* [MATERIAL FOR THIS EXERCISE]
◇ ◇ ◇

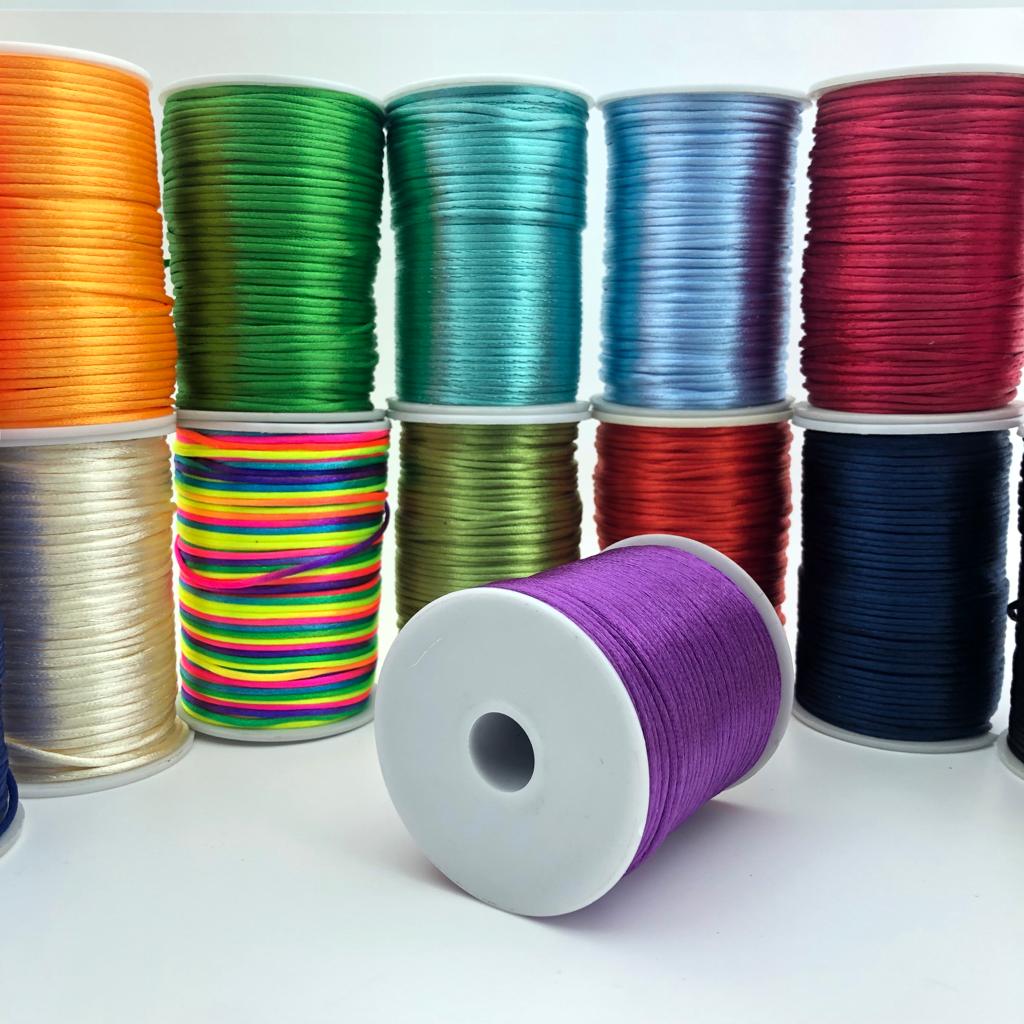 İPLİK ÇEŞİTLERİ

◇ ◇ ◇

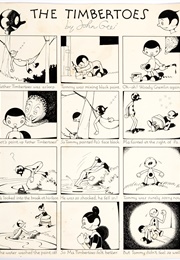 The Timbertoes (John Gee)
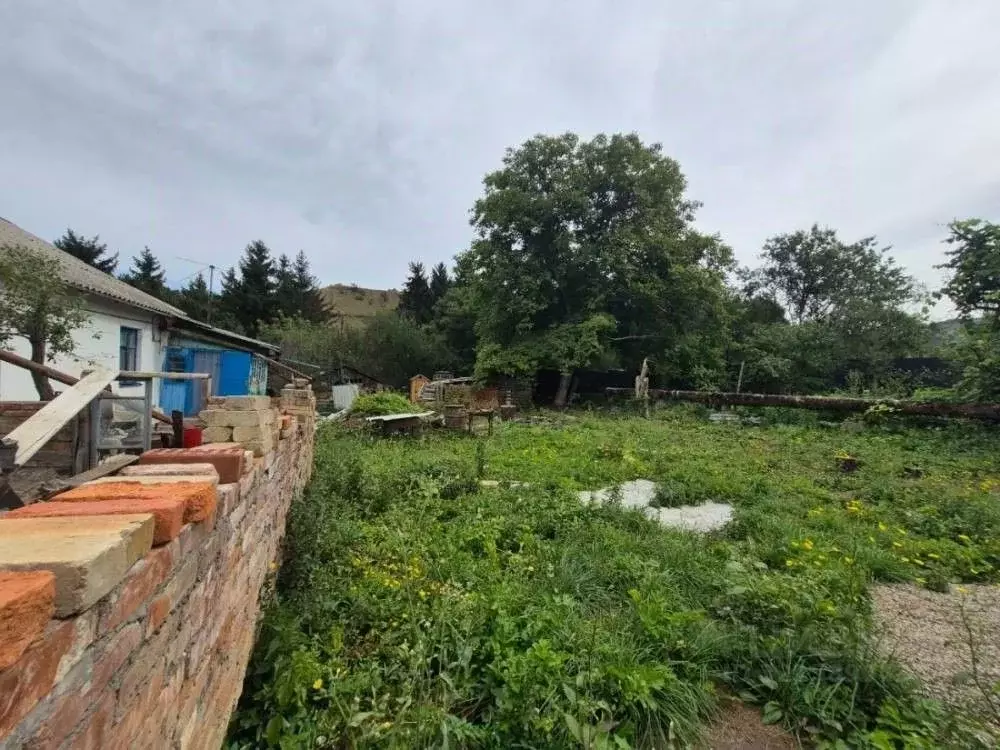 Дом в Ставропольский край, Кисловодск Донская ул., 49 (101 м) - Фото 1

◇ ◇ ◇

Above are records with pictures. Reproduce exactly only the lines from the line with "The Timbertoes (John Gee)" through the line with "Дом в Ставропольский", both ends included, and leave the pictures out.

* [SOLUTION FOR THIS PROBLEM]
 The Timbertoes (John Gee)
 Дом в Ставропольский край, Кисловодск Донская ул., 49 (101 м) - Фото 1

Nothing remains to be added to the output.